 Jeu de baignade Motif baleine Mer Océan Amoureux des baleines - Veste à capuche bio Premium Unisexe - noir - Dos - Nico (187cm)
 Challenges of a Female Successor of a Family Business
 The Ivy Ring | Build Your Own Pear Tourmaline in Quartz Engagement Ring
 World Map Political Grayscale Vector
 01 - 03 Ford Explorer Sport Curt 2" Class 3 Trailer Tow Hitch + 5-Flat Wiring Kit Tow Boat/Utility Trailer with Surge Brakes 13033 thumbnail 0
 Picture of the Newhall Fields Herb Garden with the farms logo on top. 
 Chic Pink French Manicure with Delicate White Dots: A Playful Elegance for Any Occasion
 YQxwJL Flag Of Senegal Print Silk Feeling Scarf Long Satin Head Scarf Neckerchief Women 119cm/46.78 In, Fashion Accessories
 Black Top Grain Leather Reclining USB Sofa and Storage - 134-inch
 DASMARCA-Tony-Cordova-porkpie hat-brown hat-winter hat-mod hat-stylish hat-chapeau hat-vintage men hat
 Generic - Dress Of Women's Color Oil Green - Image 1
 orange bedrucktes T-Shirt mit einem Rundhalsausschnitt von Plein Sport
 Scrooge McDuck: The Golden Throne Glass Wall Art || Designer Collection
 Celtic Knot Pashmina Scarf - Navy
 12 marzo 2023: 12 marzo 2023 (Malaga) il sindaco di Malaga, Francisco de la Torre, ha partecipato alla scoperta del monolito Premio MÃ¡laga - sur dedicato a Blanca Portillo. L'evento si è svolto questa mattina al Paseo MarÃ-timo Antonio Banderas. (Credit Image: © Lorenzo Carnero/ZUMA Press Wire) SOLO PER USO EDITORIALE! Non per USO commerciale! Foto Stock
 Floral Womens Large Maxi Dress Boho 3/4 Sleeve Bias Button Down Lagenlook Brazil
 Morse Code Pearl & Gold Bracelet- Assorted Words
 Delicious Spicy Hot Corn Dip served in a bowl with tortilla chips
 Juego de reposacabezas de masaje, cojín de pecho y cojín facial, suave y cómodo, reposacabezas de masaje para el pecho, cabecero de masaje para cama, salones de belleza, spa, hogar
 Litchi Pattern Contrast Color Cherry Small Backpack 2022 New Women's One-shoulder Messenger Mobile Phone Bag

—————

● **Description of the task**: Transcribe the line that contains "DASMARCA-Tony-Cordova-porkpie hat-brown hat-winter" exactly, then each line after it through the end of the material. Nothing else belongs in the output.

● **Exercise answer**:
 DASMARCA-Tony-Cordova-porkpie hat-brown hat-winter hat-mod hat-stylish hat-chapeau hat-vintage men hat
 Generic - Dress Of Women's Color Oil Green - Image 1
 orange bedrucktes T-Shirt mit einem Rundhalsausschnitt von Plein Sport
 Scrooge McDuck: The Golden Throne Glass Wall Art || Designer Collection
 Celtic Knot Pashmina Scarf - Navy
 12 marzo 2023: 12 marzo 2023 (Malaga) il sindaco di Malaga, Francisco de la Torre, ha partecipato alla scoperta del monolito Premio MÃ¡laga - sur dedicato a Blanca Portillo. L'evento si è svolto questa mattina al Paseo MarÃ-timo Antonio Banderas. (Credit Image: © Lorenzo Carnero/ZUMA Press Wire) SOLO PER USO EDITORIALE! Non per USO commerciale! Foto Stock
 Floral Womens Large Maxi Dress Boho 3/4 Sleeve Bias Button Down Lagenlook Brazil
 Morse Code Pearl & Gold Bracelet- Assorted Words
 Delicious Spicy Hot Corn Dip served in a bowl with tortilla chips
 Juego de reposacabezas de masaje, cojín de pecho y cojín facial, suave y cómodo, reposacabezas de masaje para el pecho, cabecero de masaje para cama, salones de belleza, spa, hogar
 Litchi Pattern Contrast Color Cherry Small Backpack 2022 New Women's One-shoulder Messenger Mobile Phone Bag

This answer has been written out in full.